CSMS Magazine Staff Writer

After months of cruising America’s heartland, Andrew Robbins is back with the same refreshing analyses on the economy. CSMS Magazine is overly excited to be able to offer to the readers something they have been asking for in a long time. The article is below.


This article is written monthly and intended for the novice investor. It is my belief the reader will achieve success when she/he is making decisions that are best for their family. If you are a frequent reader you realize that I beat the same drum over and over until you incorporate one or two of my ideas and in the long run I bet that you will be a successful investor, trader, or speculator.

Through these articles I share a methodology that may increase the reader’s speculative or investor gain. And yes, I both invest and trade real money/stocks. Readers are encouraged to seek out and employ their own professional investment advisor or search out other plans that when combined may enhance their financial goals.

This summer I attended my 45th high school reunion. A recent retiree provided the following written comment to her classmates, “I hope I do not out live my retirement savings.”  Interesting comment, for not only do we plan to save for the first car, first home, children and their education, but also end of life issues.

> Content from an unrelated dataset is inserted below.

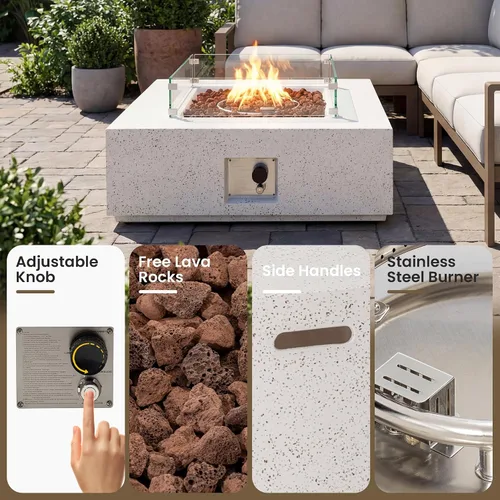 Miniatura 4 de COSIEST mesa de fogata a propano para exteriores de 35 pulgadas cuadrada de arenisca con protector contra el viento y mesa lateral, certificada
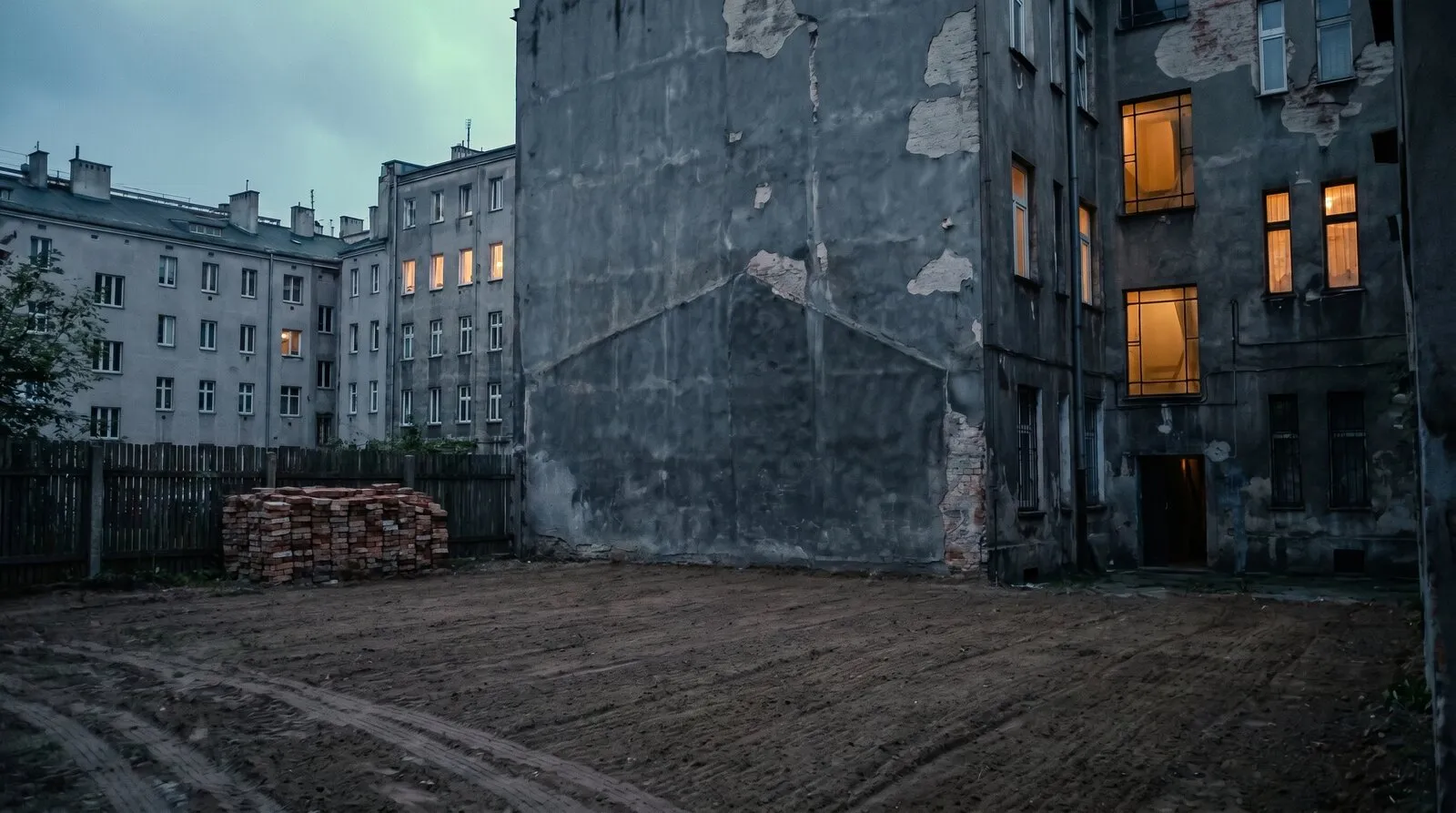 Uprzątnięty, wyrównany teren po rozbiórce, cegła ułożona na boku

From the moment one learns the value and need to manage capital the bells and whistles should sound, ‘Oh, how do I grow it?’ Yet for the majority of our society they share little desire to learn economics and its impact on their lives.

We read the economies of China and South American are growing at a fast pace. If one listens to conference calls or reads filings, we learn corporations that embrace global growth are exiting China while expanding in Viet Nam and India. It should be obvious that stable African governments/countries are on the global employers’ radar.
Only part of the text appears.